# Does anyone have feedback on sharpening Forrest blades?



## Lou1Bloom (Mar 24, 2010)

I have 3 Forrest Woodworker II blades that I rotate in/out after cleaning the teeth. Well, all 3 need sharpening. Forrest recommends sending them back to their factory for sharpening. Does anyone have an experience with this? Was it worth it, or should I just go to a sharpening service near home? Also, do you recall approx. how much it was to sharpen per blade?

Thanks!


----------



## TungOilTim (Aug 5, 2009)

I've got one that needs sharpening too and was wondering the same thing.


----------



## TheWoodNerd (Aug 30, 2009)

Their sharpening fees are posted on their website: http://www.forrestblades.com/sharpprice.htm


----------



## ellen35 (Jan 1, 2009)

This is a tricky question. I had a WW II blade that needed sharpening. It also seemed to need to be straightened and, I found that it needed 4 teeth (someone must have snuck into my shop and abused it!). I sent it to them and, for what I paid, plus shipping, I could have bought myself a new one! Also, it took close to 3 weeks to get it back. I am all for recycling and sharpening and not wasting things… but it seems like I wasted my money here. In the future, I'll have it done locally.


----------



## PCTNWV (Sep 21, 2010)

I would higlhly recommend sending them to Forrest for sharpening. That is where I send mine and have not had any issues.

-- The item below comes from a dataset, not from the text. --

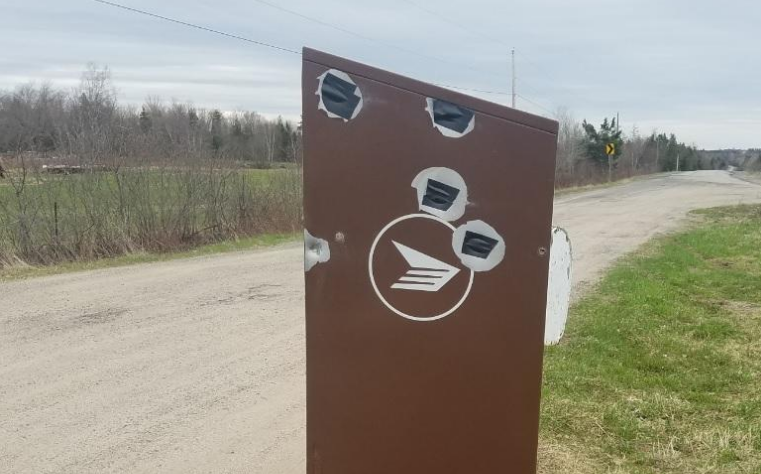 New Brunswick RCMP are looking for information about those involved in the shooting of this community mailbox.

Fast turnaround and great customer service.


----------



## sbryan55 (Dec 8, 2007)

I have used them for years and have never had any problems with their service. I generally get my blade back within a week to 10 days and their prices are reasonable. When they return the blade Forrest will also send along a $5 coupon to use the next time.


----------



## richgreer (Dec 25, 2009)

I'm very fortunate that I have a very good sharpening service near where I live and he does a great job on all my blades, including the my WW-II. He's also less than half the Forest price.

FYI - for Ellen - - It's my experience that if you have a bent tooth or a missing tooth it is almost always better to just buy a new blade.


----------



## Ger21 (Oct 29, 2009)

I had mine sharpened locally, and I wasn't happy with it. However, as Ellen mentioned, Forrest is really expensive on their resharpening.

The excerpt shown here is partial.